La règle du « Tu ne parleras pas » reste monnaie courante.

Certes, la communauté homosexuelle a gagné en visibilité grâce au boom d’Internet, à l’exposition médiatique et à la présence de personnages homosexuels dans les feuilletons télévisés ou les films.

Certes, plusieurs travestis et transsexuels célèbres sont entrés dans le monde de la télévision.

Mais, ces avancées ne cachent pas le cruel manque de reconnaissance sociale.

Les souffrances sont encore nombreuses : manque d’information sur l’identité sexuelle, brimades, isolement, mises à l’écart, précarité, détresse psychique.

En mai 2016, « Human Right Watch » pointait la déficience du gouvernement japonais à protéger les élèves LGBT des moqueries et autres attaques à l’école.

Et ces violences n’étaient pas uniquement le fait des élèves, mais aussi des professeurs non sensibilisés à la cause.

« La rhétorique de haine anti-LGBT est quasiment omniprésente dans les écoles japonaises, murant les élèves LGBT dans le silence, la détestation de soi et dans certains cas la violence contre soi-même » écrivait l’organisation humanitaire.

Aux yeux des agresseurs, ces minorités constituent des proies faciles puisqu’elles ont très souvent honte de porter plainte.

Cette situation n’est certes pas propre au Japon, mais le pays souffre d’un grave retard concernant la protection des droits de ces minorités sexuelles.

Ce qui fait de la « Tokyo Rainbow Week » un événement tout particulièrement important.

Cette année encore, nombreux étaient les participants.

Ainsi, 150 000 personnes ont participé au festival d’une durée de 9 jours.

Le jour de clôture, dimanche 6 mai, ils étaient 7 000 à parader dans les rues de Harajuku.

L’heure était à la fête et à la fierté d’être soi, de s’assumer dans sa différence.

C’était aussi l’occasion de s’adresser aux politiques.

Le député, Kanako Otsuji, ouvertement homosexuel, a déclaré qu’il était « heureux de côtoyer beaucoup d’amis aujourd’hui. Mais, nous devons aussi travailler à développer des lois favorables aux LGBT ».

Les militants ont appelé à la tolérance et à la reconnaissance des mêmes droits que les couples hétérosexuels, notamment en ce qui concerne l’éducation et le mariage.

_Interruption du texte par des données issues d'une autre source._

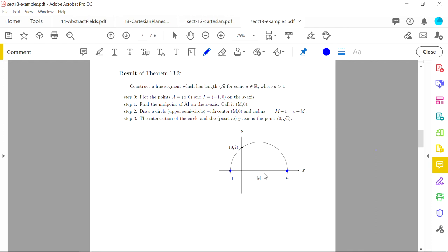The intersection of this semicircle with the positive y-axis gives the point (0, √a) — the y-coordinate is exactly √a. If you draw the full circle, the intersection with the negative y-axis gives (0, −√a), corresponding to the negative square root. This is why taking a square root gives plus-or-minus: the positive root is the upper intersection, the negative root is the lower one.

Au Japon, il n’existe toujours pas de législation pour freiner les discriminations dans les domaines de l’emploi, de l’éducation, de la santé, du logement et même des opérations bancaires.

Toutefois, quelques initiatives voient le jour.

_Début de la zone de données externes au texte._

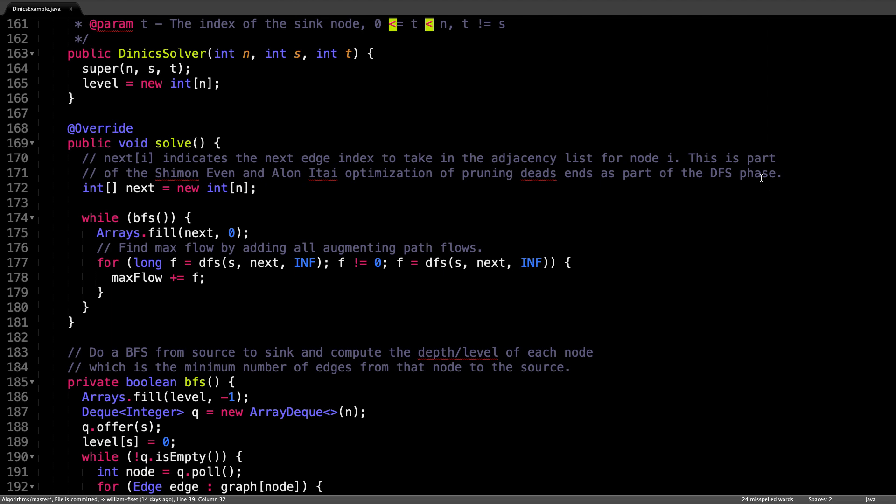Moving on, the following method is the solve method. Recall that this is the method that we need to override and compute the maximum flow in. Remember what we're trying to do: Dinic's algorithm begins by building a level graph using a breadth first search, that is the outer loop.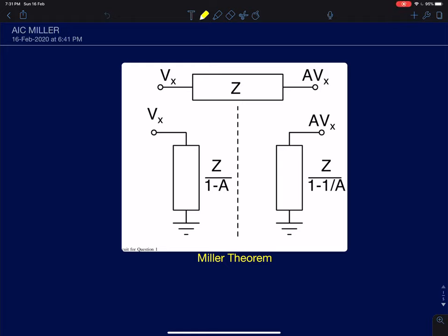Hi everyone. In this lecture I will discuss Miller's theorem. I have used a kind of an application of Miller's theorem in the previous lecture. Though it is not very obvious, we will see how I used it. We will also try to give some intuitions for Miller's theorem and look at it in a slightly different way.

De plus en plus d’entreprises surveillent de près les discriminations à l’embauche et proposent les mêmes droits pour tous.

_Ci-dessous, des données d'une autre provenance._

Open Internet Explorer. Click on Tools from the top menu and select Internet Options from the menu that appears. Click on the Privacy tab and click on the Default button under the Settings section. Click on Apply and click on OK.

En matière d’union, le mariage est toujours réservé aux personnes de sexe opposé.

Mais, de récents progrès ont été faits dans certaines localités, qui fournissent des certificats d’union civile.

En décembre 2016, la ville d’Osaka a fait un pas de plus en autorisant un couple homosexuel à devenir famille d’accueil pour un petit garçon.

Comme on le voit, des petits pas ont été faits, mais il reste encore beaucoup à faire dans ce pays où les jugements et les discriminations s’expriment par le silence.

La Gay Pride était donc l’occasion de revendiquer haut et fort l’égalité des droits.

Égalité et liberté dans l’amour, égalité et liberté des orientations sexuelles, égalité et liberté des identités de genre, tout en assurant la volonté de changer le regard de la société et faire accepter les différences au grand jour.

Car, s’il est plutôt facile de promulguer une nouvelle loi, changer les mentalités demande de déconstruire des préjugés tenaces dans le temps.